Task to complete: Please copy out the entries below exactly, beginning with the line that contains "Meteoroloji'den Doğu Anadolu, Güneydoğu" and ending with the line that contains "Citroen C5 Quarter", and include nothing outside that span.

Provided information:
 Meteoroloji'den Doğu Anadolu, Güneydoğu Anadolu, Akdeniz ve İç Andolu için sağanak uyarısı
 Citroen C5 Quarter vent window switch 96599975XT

--

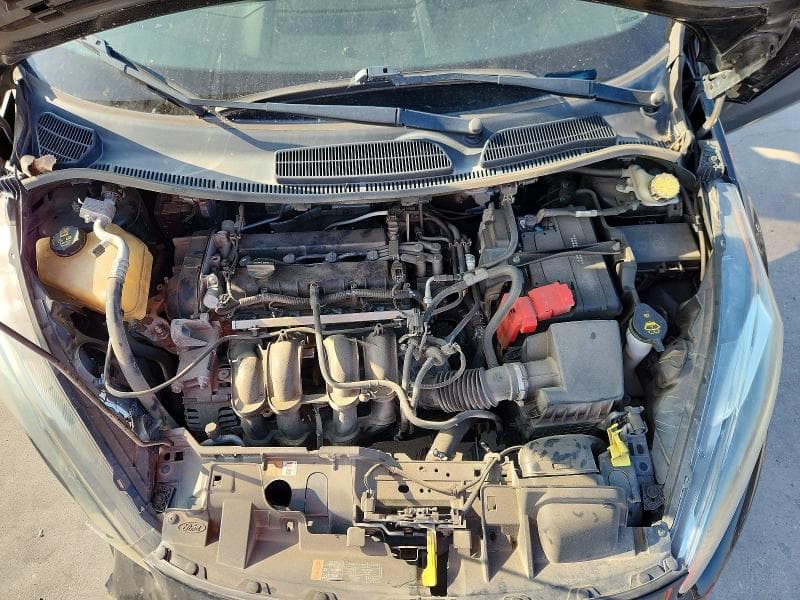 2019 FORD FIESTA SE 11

Answer space:
 Meteoroloji'den Doğu Anadolu, Güneydoğu Anadolu, Akdeniz ve İç Andolu için sağanak uyarısı
 Citroen C5 Quarter vent window switch 96599975XT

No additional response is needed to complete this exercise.